GIF does have a couple of great advantages that keep it popular. First, a GIF image can have a transparent color defined. Typically, you’ll choose some awful color not found in nature (kind of like choosing bridesmaid dresses) to be the transparent color. Then, when the GIF encounters a pixel that color, it displays whatever is underneath instead. This is a crude but effective form of transparency. Figure 6-6 shows an image with transparency.

Whenever you see an image on a Web page that doesn’t appear to be rectangular, there’s a good chance the image is a GIF. The image is still a rectangle, but it has transparency to make it look more organic. Typically, whatever color you set as the background color when you save a GIF becomes the transparent color.

Creating a complex transparent background, like the statue, requires a more complex tool than IrfanView. I used Gimp, but any high-end graphics tool can do the job. IrfanView is more suited to operations that work on the entire image.

Figure 6-6: This statue is a GIF with transparency.

Coming soon — vector formats

Here’s another form of image format that I hope will gain more prominence. All the formats described so far are raster-based image formats. This type of image stores an image as a series of dots. Vector-based image formats use formulas to store the instructions to draw an image. Certain kinds of images (especially charts and basic line art) can be far more efficient when stored as vector formats. Unfortunately, IE and Firefox support different and incompatible vector formats, so it doesn’t look like vector-based images will be a factor soon. Flash also uses vector-based techniques, but this technique requires expensive proprietary software to create vector images and a third-party plugin to use them.

The most promising new technology is the tag in HTML 5. This tag allows programmers to draw directly on a portion of the screen using JavaScript code. If it becomes a standard, the tag will unleash many new possibilities for Web-based graphics.

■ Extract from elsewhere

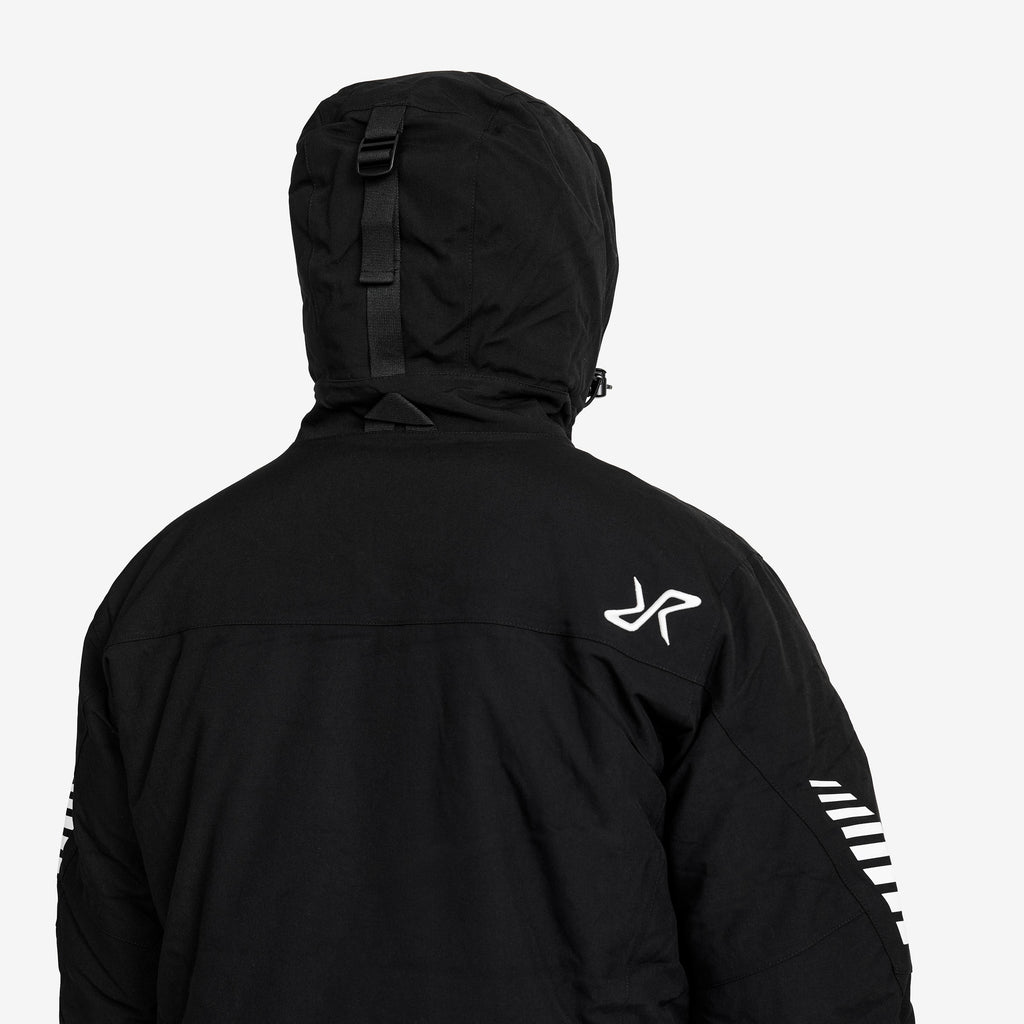 Saviour Tech 2L Insulated Parka Men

Another interesting feature of GIF is the ability to create animations. Animated GIFs are a series of images stored in the same file. You can embed information, determining the interval between images. You can create animated GIFs with Gimp, which is included on this book’s CD-ROM.

Animated GIFs were overused in the early days of the Web, and many now consider them the mark of an amateur. Nobody really thinks that animated mailbox is cute anymore.

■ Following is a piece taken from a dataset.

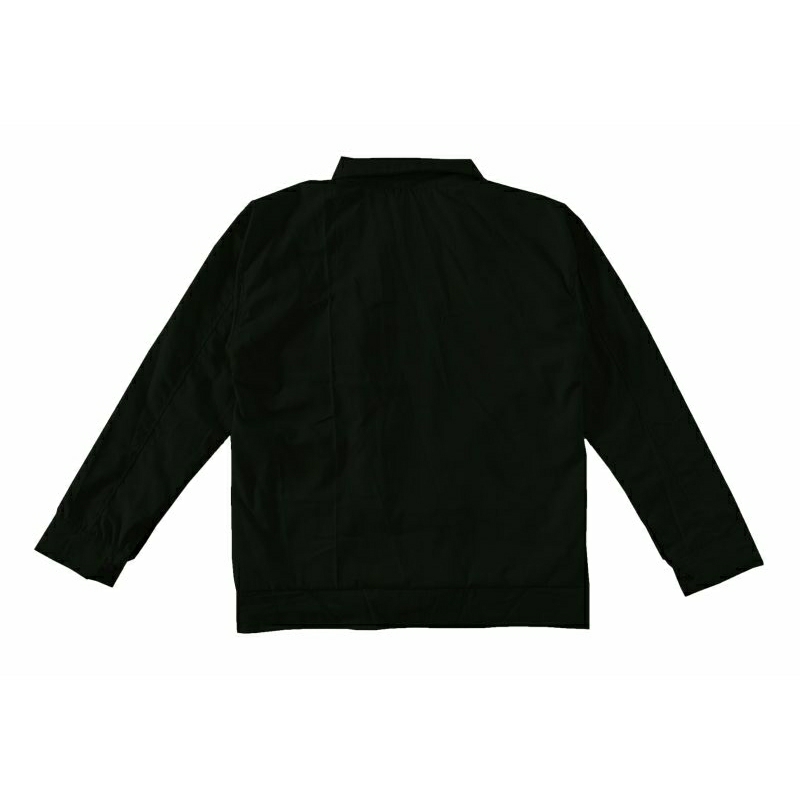 LODAKA Jacket Vintage And Vests Unisex Hitam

For a while, there were some legal encumbrances regarding a part of the GIF scheme. The owners of this algorithm tried to impose a license fee. This was passed on to people using commercial software but became a big problem for free software creators.

Fortunately, it appears that the legal complications have been resolved for now. Still, you’ll see a lot of open-software advocates avoiding the GIF algorithm altogether because of this problem.


PNG

Open-source software advocates created a new image format that combines some of the best features of both JPG and GIF, with no legal problems. The resulting format is Portable Network Graphics, or PNG. This format has a number of interesting features, such as

♦ Lossless compression: Like GIF, PNG stores data without losing any information.

♦ Dynamic color palette: PNG supports as many colors as you want. You aren’t limited to 256 colors as you are with GIF.

♦ No software patents: The underlying technology of PNG is completely open source, with no worries about whether somebody will try to enforce a copyright down the road.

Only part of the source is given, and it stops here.